The past few months my reading pace has slowed, as work has taken up most of my time. Most of the reading was done on commutes. At last, I’ve finished the final page of Why Nations Fail: The Origins of Power, Prosperity, and Poverty by Daron Acemoglu and James A. Robinson. What a book. It distills the authors’ years of research in economics and history into one core argument: why nations succeed or fail.
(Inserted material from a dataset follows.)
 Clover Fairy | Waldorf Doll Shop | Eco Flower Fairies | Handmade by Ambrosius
Although both are economists, the book reads more like history than theory. From the rise and fall of the Roman Empire to the Industrial Revolution, the authors trace events across centuries and continents without resorting to heavy economics jargon. The message is strikingly clear: nations fail because of extractive institutions, and thrive because of inclusive ones. The story is told through a series of “critical junctures”—moments when choices set nations on diverging paths. For example, the Glorious Revolution in Britain in 1688 established constraints on the monarchy and strengthened Parliament, creating inclusive political and economic institutions that paved the way for the Industrial Revolution. In contrast, absolutist Spain, despite its immense wealth from New World silver, entrenched extractive systems that squandered opportunities for sustained growth. Some societies broke the mold; others stagnated or worsened. Hence, we see prosperous Western European countries today on one side, and persistently poor sub-Saharan African countries on the other. Evolution does not happen overnight—it is a cycle, either vicious or virtuous, that pushes nations toward repeated breakthroughs, such as Britain’s industrialisation, or toward collapse, as in the case of Venice after its elites shut down opportunities for broader participation.
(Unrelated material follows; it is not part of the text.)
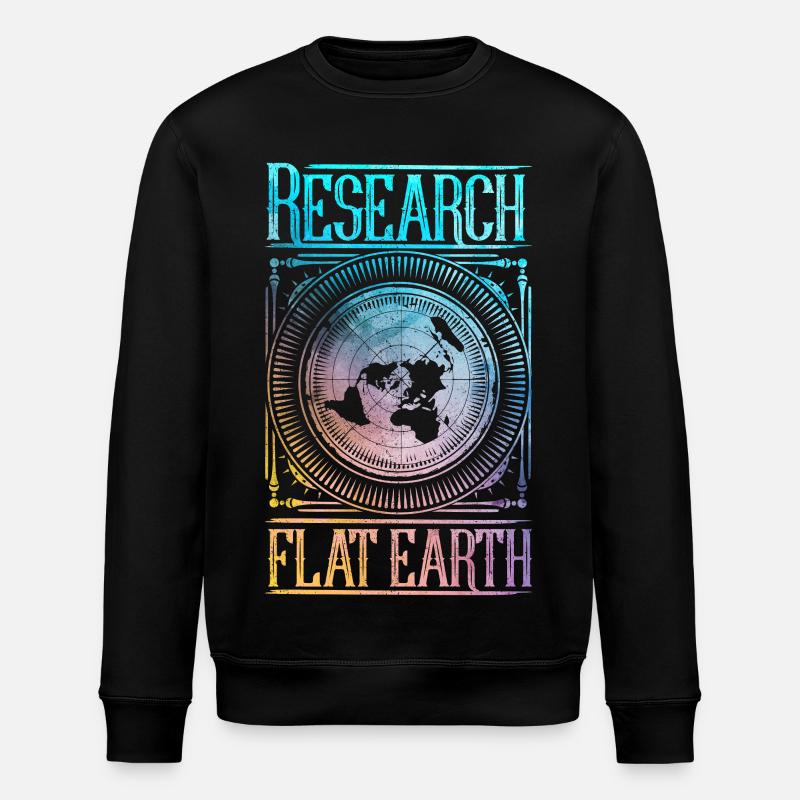 Research Flat Earth - Stanley/Stella ROLLER Unisex Organic Sweatshirt - black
What I appreciate most is the book’s willingness to discuss history openly and objectively. The damage inflicted by Western colonial powers on African and Asian countries has lasted for centuries, leaving scars that shape today’s realities. It is disheartening to read about the Atlantic slave trade, where millions of African lives were lost or uprooted, and about the way colonial rule entrenched extractive institutions across the Global South. It is equally sobering to see modern dictatorships, such as North Korea or Zimbabwe under Robert Mugabe, where power is concentrated in the hands of a few, and the state exists to extract for the benefit of the elite rather than the masses. The book persuasively argues that it is not geography, weather, or culture that determine prosperity, but political institutions and the economic systems they create. When ordinary people have no incentives to innovate, to work harder, or to build businesses, how can a nation grow? The Soviet Union is a prime example: for decades it appeared strong, but its extractive model was built on forced mobilization of resources and labor. Once that model ran out of steam, the system collapsed. Perhaps China today faces a similar turning point—after decades of rapid growth, it may need to transition toward more inclusive institutions to sustain progress.
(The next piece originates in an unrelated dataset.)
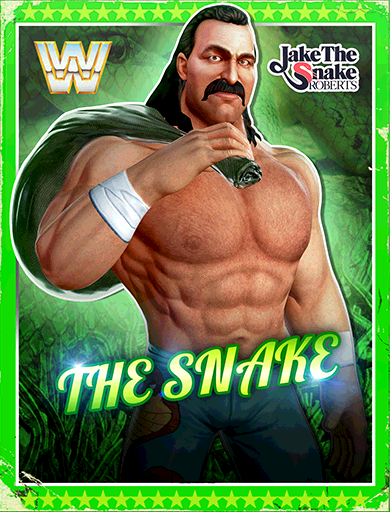Jake Roberts 'The Snake' Poster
At the same time, I find myself wondering: are the inclusive institutions we see in today’s developed nations the “best” possible system? Not necessarily. They too are products of evolution, trial and error, and countless turning points. Seemingly small events often had profound consequences. If the great breakthroughs of the Industrial Revolution had occurred in Africa rather than Europe, how different would our world look today? No one knows.

This is a must-read book for anyone who wants to understand not just the fundamentals of economics, but the sweep of world history and the forces that shape prosperity and poverty.